Nowadays, the absolute vast majority of games that I play are shit tbh.
This is why I pirate games first to try them out. I wanna be very clear that if I think a game is good I buy it, no questions asked.
However, since most games don’t have demos or trials, I don’t want to feel like I’ve wasted money so I look to piracy so that I can try them out before making a purchase.
AITAH?
Intellectual property is not real?
So unless I make something physical I am not making anything real? So all my work up to the point of a plant being actually built is not real?
Doing anything on a PC or smartphone is not real.
Inventing a train of thought that cures every known desease and mental illness is simply not real - because you can’t touch it. This is the equivalent of dark ages church logic.
You are being intentionally obtuse. It’s not that the thing itself literally does not exist at all, it’s that the ownership of ideas is not real. When you steal a physical item the original owner is deprived of that item. When you copy an idea the original “owner” still has access to it.
I find it funny you’re calling him intentionally obtuse right after you seem to just simplify theivery at whether something physical is stolen. If you’re basing it off of something being stolen or not, IP is used to protect the realized gains off of an idea. Yeah you aren’t stealing a physical something, but you are robbing the creator of what the item is valued at.
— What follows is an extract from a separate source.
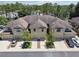 Aerial view of townhomes complex showing well-maintained lawns and landscaping and parking at 5150 Bay Isle Cir, Clearwater, FL 33760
It is exactly the issue that you can’t own an idea that IP is usually heavily protected. Ironically, the intention is to help new ideas(and their profiting worth) from being stolen by someone (or something ie Coporations) with better means to distribute and profit off of the idea. Otherwise, why wouldn’t I just get a copy of a game, underpriced it, and sell it as cheap as I wanted? I’ve put no thought or labor into actualized the idea, so I have no reason to price it beyond my initial investment. It why when someone (or something) sells full rights to their IP, it can be worth millions. They don’t care about the idea. They care about what the idea can provide in the future.
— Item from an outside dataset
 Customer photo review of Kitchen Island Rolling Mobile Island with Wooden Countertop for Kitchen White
To draw a parallel, saying IP isn’t real is like saying currency has no worth. On the surface, duh of course currency isn’t actually worth anything. It’s not like people can (practically) eat a dollar or make shoes out of a dollar, but we’ve (generally) collectively decided it’s worth something. It instils confidence that when I walk into a store, my currency has a conversion rate of so many dollars per good. If thousands of people added millions of dollars into their bank accounts by just “copying” the electronic money, no one has lost money, but the value of the currency is deflated by those actions because there’s nothing stopping everyone from from just adding millions to their accounts. The confidence that people will be harshly dealt with for deflating the currency like that is one of the innate things that gives currencies (and IP’s) their value. Handwaving it away by saying it isn’t actually real is also just being obtuse.
you are robbing the creator of what the item is valued at
If I value the item at $0 then I have robbed them of $0.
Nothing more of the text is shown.